海外での新規受注はまだ止まらない。11月22日には、やはり日立がリーダーを務めるコンソーシアムが、旧イタリア国鉄系の鉄道インフラ保有・管理会社RFIと最新のデジタル鉄道制御システムの設計・設置契約を締結したと発表した。欧州鉄道交通管理システム(ERTMS)という欧州域内で国境を越えた相互運用が可能となる信号システムをイタリア北中部の1885kmに導入するもので、うち日立受注分の契約額は8億6700万ユーロ(約1260億円)。
これらの受注の合計額は1兆円を大きく超える。むろん、小規模の案件まで事細かに受注成立が発表されるわけではないし、取引先の意向次第では受注の決定や内の詳細を発表しないものもあるという。判明分だけでも日立にとってはトータルで巨額の売り上げとなる。

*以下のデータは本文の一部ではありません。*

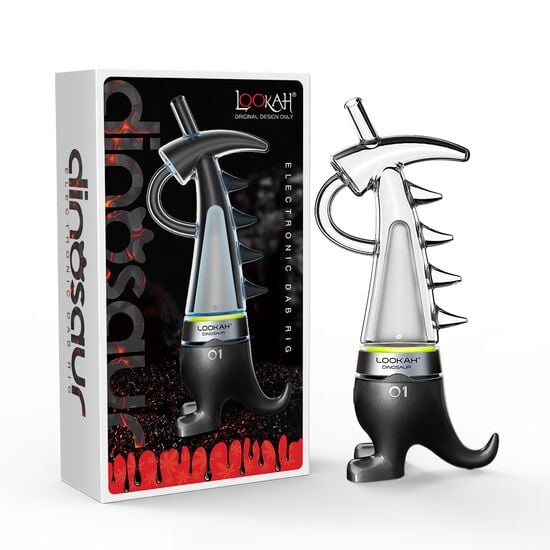 Lookah Dinosaur Electric Dab Rig-Lookah-Black-NYC Glass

さらに契約額は未公表だが、11月29日にはフランス国鉄とユーロスター社向けにデジタル鉄道制御システムの導入契約を発表した。フランスの高速鉄道TGVはイタリアやスイスに乗り入れており、ユーロスター社が運営する高速鉄道のユーロスターやタリスもイギリス、フランス、ベルギーといった国際運行を行う。現在、欧州各国ではERTMSの導入が進んでいるため、列車に搭載しているフランス国内の高速鉄道向けの信号システムとERTMSを統合した信号システムをアップグレードして、将来の円滑な国際間運行に備える。
大型案件が11月に重なった
11月以前の動きはどうだったかというと、日立の日本語ホームページを見る限り、鉄道関連の大型新規受注の発表は2022年3月にRFIから受注したERTMSの設計・納入案件まで遡る。「これまで世界各地でさまざまな案件の受注活動に取り組んできたが、その成果の発表がたまたま11月に重なった」と日立の広報担当者は話す。
3月以前であれば、2021年12月にはアルストムと共同受注したイギリスの高速鉄道「HS2」向け車両製造および保守案件がある。契約金額は19億7000万ポンド(約3280億円、1ポンド=166.6円で計算)。さらに遡ると3月に受注したワシントン地下鉄向け新型車両256両の製造案件がある。契約金額は最大22億ドル(約3075億円、1ドル=139.8円で計算)だ。なお、ワシントン地下鉄向け車両では、製造拠点としてメリーランド州に新たに工場が建設される。10月18日に鍬入れ式が行われた。完成は2024年度。
11月に受注した5案件の内容を比較すると、国別ではイタリアが2件、フランス1件、カナダ1件、フィリピン1件となり、特定の地域に集中することなく欧州、北米、アジアとバランスが取れている。また、種類別でも4日発表分は車両、17日は信号システム、電化・通信システム、およびあらゆる範囲におよぶフルターンキー契約、22日と29日は信号システムとやはりバランスが取れている。